___ PROVIDED INFORMATION

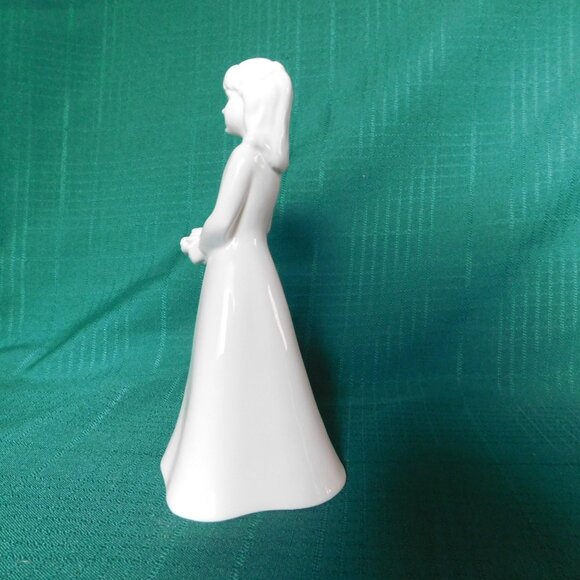 Coalport Moments in Time The Bridesmaid (2003) new in box - Picture 5 of 10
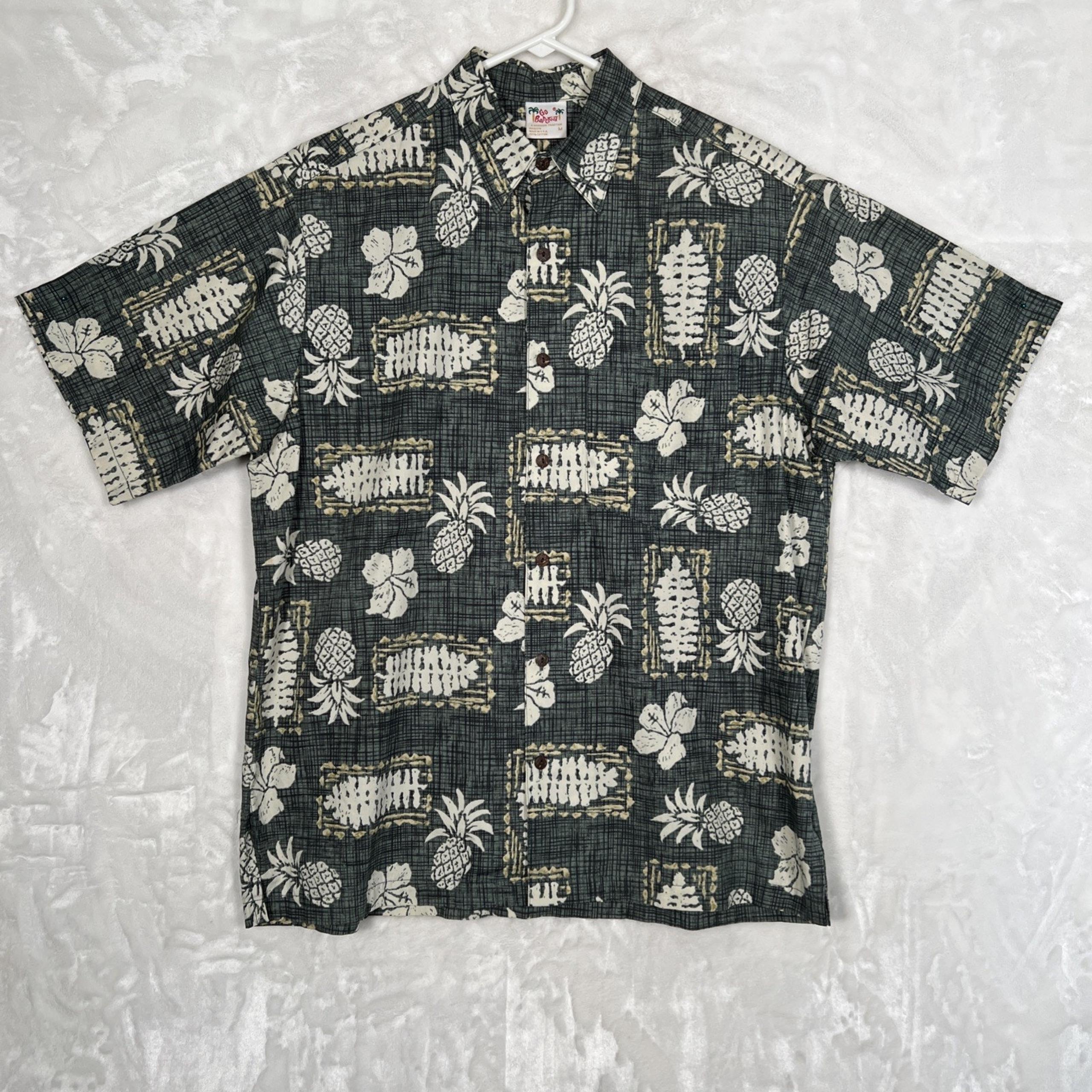 Go Barefoot mens Hawaiian shirt size M cotton pocket Green pineapples button up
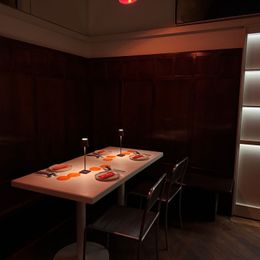 Holzvertäfelung trifft auf Designelemente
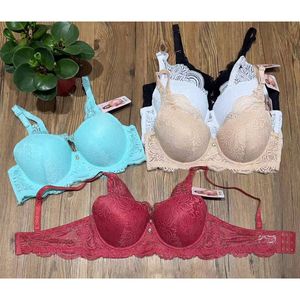 Soutien-gorge à armatures en dentelle florale bonnets D rembourrés  - 5 coloris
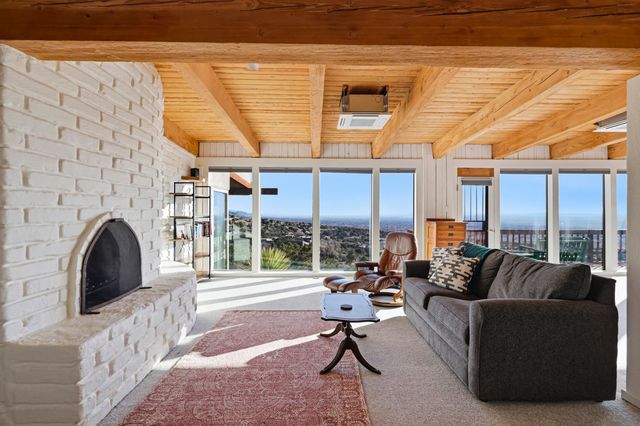 39 Tierra Monte Street NE, Albuquerque, NM 87122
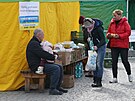 Potravinové balíky jsou k dispozici ukrajinským uprchlíkm v humanitárním...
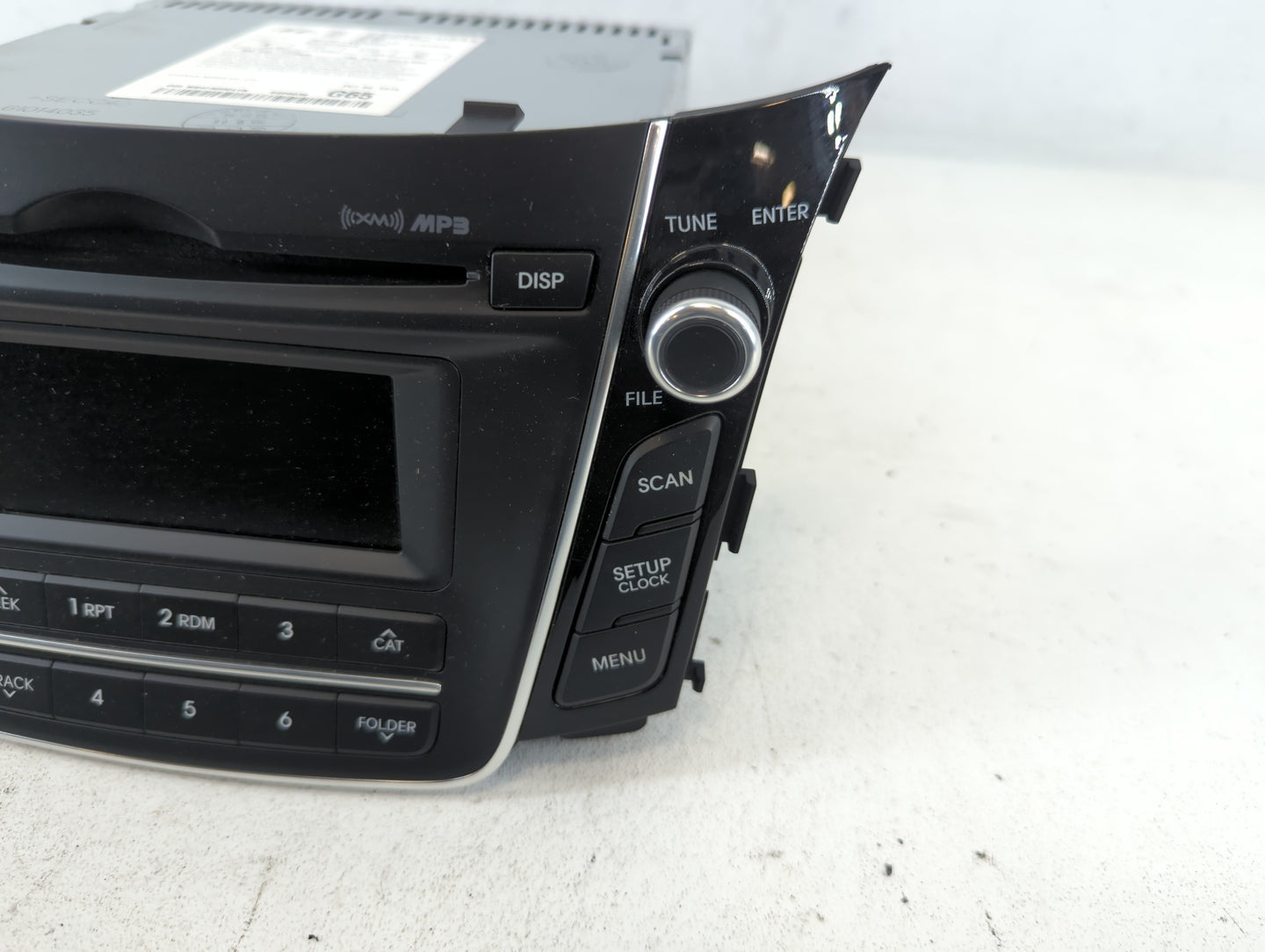 2016-2017 Hyundai Elantra Gt Am Fm Cd Player Radio Receiver - Oemusedautoparts1.com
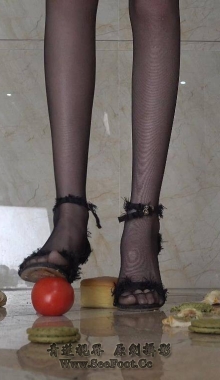 ���Ϲ����ա�ѩ��Ů���Ըк�˿���Ÿ߸�Ь��̤ʳ��̼������ԣ�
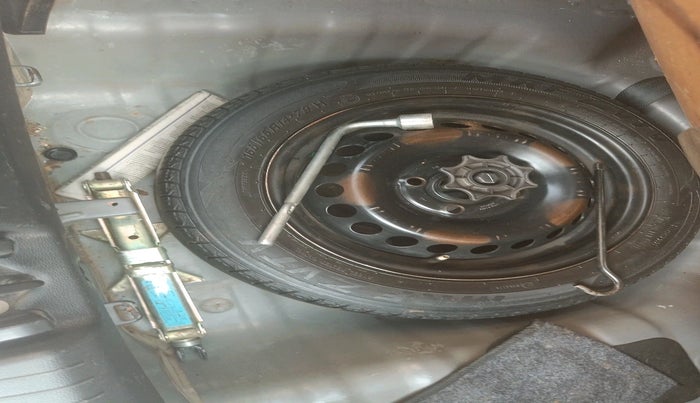 2016 Hyundai Grand i10 SPORTZ 1.2 KAPPA VTVT, Petrol, Manual, 1,25,399 km, tyre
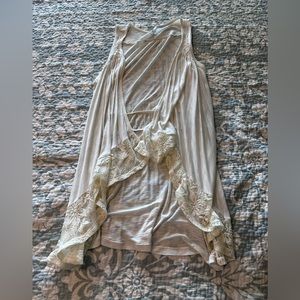 Cream Lace Sleeveless Cardigan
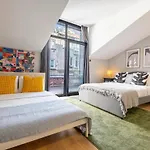 Private Fourlex House With Central Location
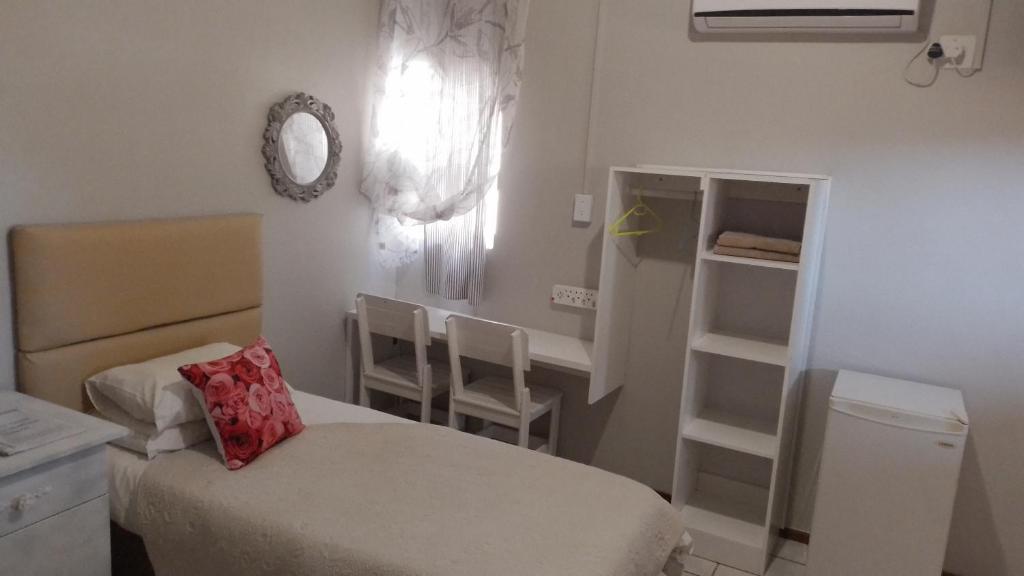 Larochelle Guesthouse - Habitación Gemela Con Ducha
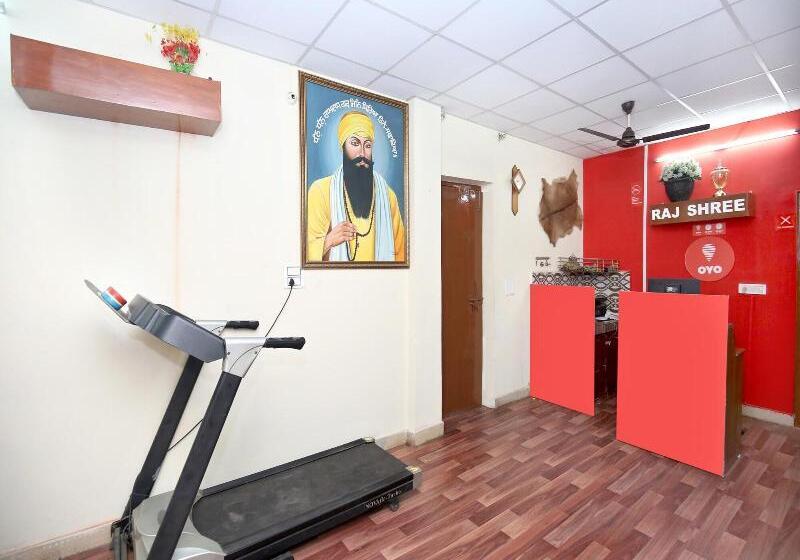 Отель Oyo 12871 Rehan Basera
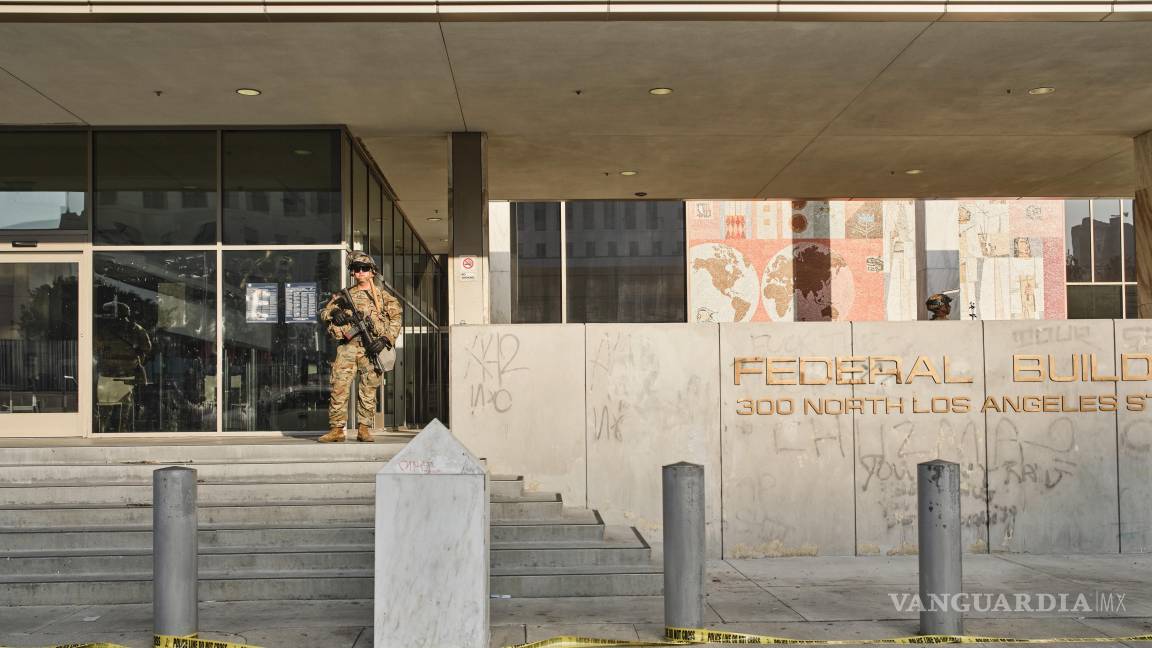 $!Un soldado de la Guardia Nacional custodia un edificio federal en Los Ángeles. Seis soldados hablaron en entrevistas sobre la baja moral tras el despliegue.
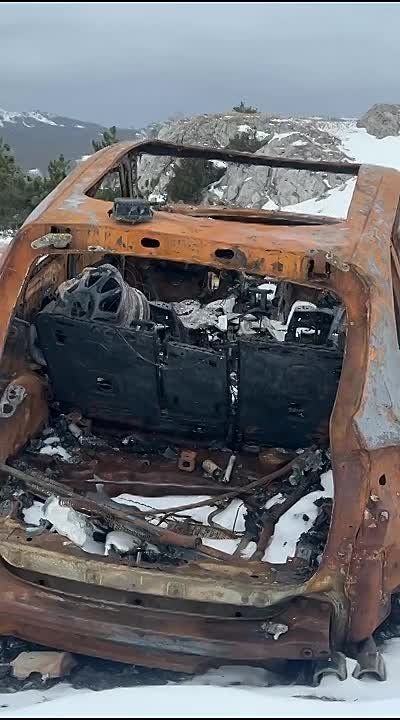 Помните, как прошлым летом отдыхающий решил в самую жару погонять по плато Ай-Петри, а затем его Porshe вспыхнул, как спичка?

______

An answer that restates all the entries exactly and drops the images is what is needed.

 Coalport Moments in Time The Bridesmaid (2003) new in box - Picture 5 of 10
 Go Barefoot mens Hawaiian shirt size M cotton pocket Green pineapples button up
 Holzvertäfelung trifft auf Designelemente
 Soutien-gorge à armatures en dentelle florale bonnets D rembourrés  - 5 coloris
 39 Tierra Monte Street NE, Albuquerque, NM 87122
 Potravinové balíky jsou k dispozici ukrajinským uprchlíkm v humanitárním...
 2016-2017 Hyundai Elantra Gt Am Fm Cd Player Radio Receiver - Oemusedautoparts1.com
 ���Ϲ����ա�ѩ��Ů���Ըк�˿���Ÿ߸�Ь��̤ʳ��̼������ԣ�
 2016 Hyundai Grand i10 SPORTZ 1.2 KAPPA VTVT, Petrol, Manual, 1,25,399 km, tyre
 Cream Lace Sleeveless Cardigan
 Private Fourlex House With Central Location
 Larochelle Guesthouse - Habitación Gemela Con Ducha
 Отель Oyo 12871 Rehan Basera
 $!Un soldado de la Guardia Nacional custodia un edificio federal en Los Ángeles. Seis soldados hablaron en entrevistas sobre la baja moral tras el despliegue.
 Помните, как прошлым летом отдыхающий решил в самую жару погонять по плато Ай-Петри, а затем его Porshe вспыхнул, как спичка?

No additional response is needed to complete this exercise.